A parte il fatto che il ‘terzo uomo’ è una dizione imprecisa, perché sulla scheda elettorale vi sono sempre candidati di contorno, a partire da quello del Partito libertario, che però non vanno (quasi) mai oltre l’1% dei suffragi, la storia del terzo incomodo è intessuta di speranze e successi. Vediamo i dati salienti nel dopoguerra.
Nel 1968, George Wallace, governatore dell’Alabama, democratico e razzista, si presentò come candidato del nuovo Partito Indipendente Americano: sperava d’impedire al candidato d’uno dei due maggiori partiti di avere la maggioranza assoluta dei Grandi Elettori. Se la decisione fosse così toccata alla Camera, si poteva rimettere in discussione la politica federale anti segregazione. Wallace vinse in cinque Stati del Sud – è l’ultimo ‘terzo uomo’ ad avere conquistato almeno uno Stato -, ma il repubblicano Richard Nixon ottenne la maggioranza dei Grandi Elettori. Il candidato democratico Hubert Humphrey non ce l’avrebbe fatta neppure con i voti di Wallace.
Nel 1980, John Bayard Anderson, deputato repubblicano per vent’anni, si presentò al voto come indipendente: non vinse in nessuno Stato e non ottenne la maggioranza in nessuna circoscrizione, ma il suo 6,6% del voto popolare è la 6a prestazione per un ‘terzo uomo’ dall’inizio del XX Secolo, dietro il 27% di Theodore Roosevelt nel 1912, il 17% di Robert LaFollette nel 1924, il 19% di Wallace nel 1968 e di Ross Perot nel 1992 e l’8% ancora di Perot nel 1996. Nonostante Anderson, Ronald Reagan batté il presidente democratico Jimmy Carter, ‘azzoppato’ dalla crisi iraniana.
Nel 1992, e poi nel ’96, Ross Perot, un imprenditore del Texas miliardario, fondatore del Partito della Riforma, si candidò per scardinare il bipartitismo americano.

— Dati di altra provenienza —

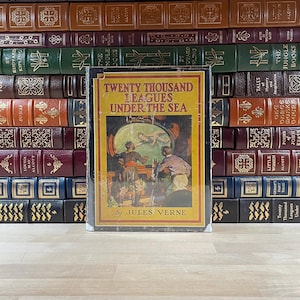 Rare, Collectible, Scribner Classics First Edition of Twenty Thousand Leagues Under the Sea by Jules Verne, Rare Dust Jacket, 1946 Printing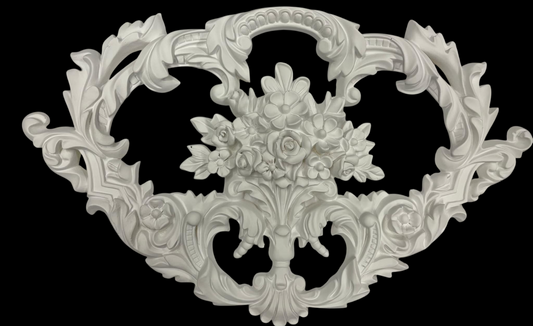 Victorian Bloom Crest Ornament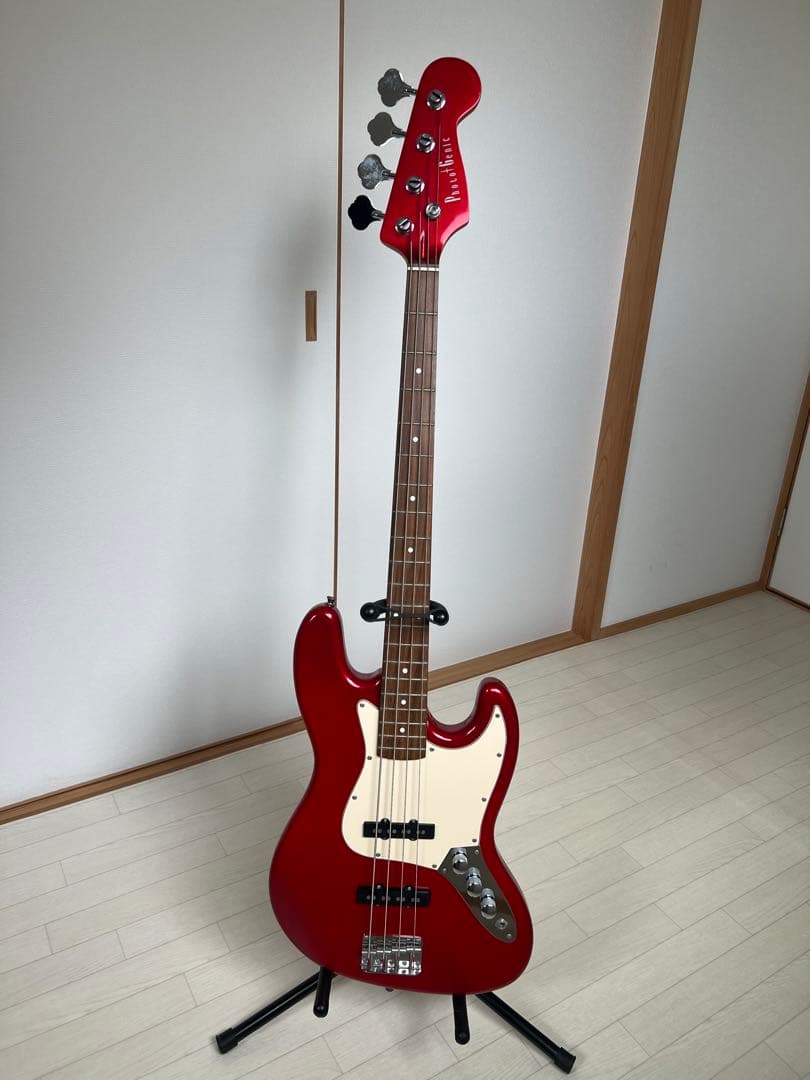 PhotoGenic エレキベース レッド Amazon | PhotoGenic フォトジェニック エレキベース ジャズベース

Ottenne, soprattutto nel ’92, buon seguito – quasi un quinto del voto popolare -, ma non conquistò nessuno Stato. Fu però una delle cause della sconfitta di George Bush ad opera di Bill Clinton, perché gli sottrasse suffragi tendenzialmente repubblicani.
Nel 2000, Ralph Nader, avvocato, saggista, attivista ambientalista e predicatore dei consumatori, interprete della sinistra radicale, fu candidato alla presidenza dal 1996 al 2008, per i Verdi o come indipendente. Nel 2000, con il 2,7% dei voti popolari, fu determinante per la vittoria di George W. Bush e la sconfitta di Al Gore, che avrebbe conquistato la Florida e anche il New Hampshire con i suffragi di Nader.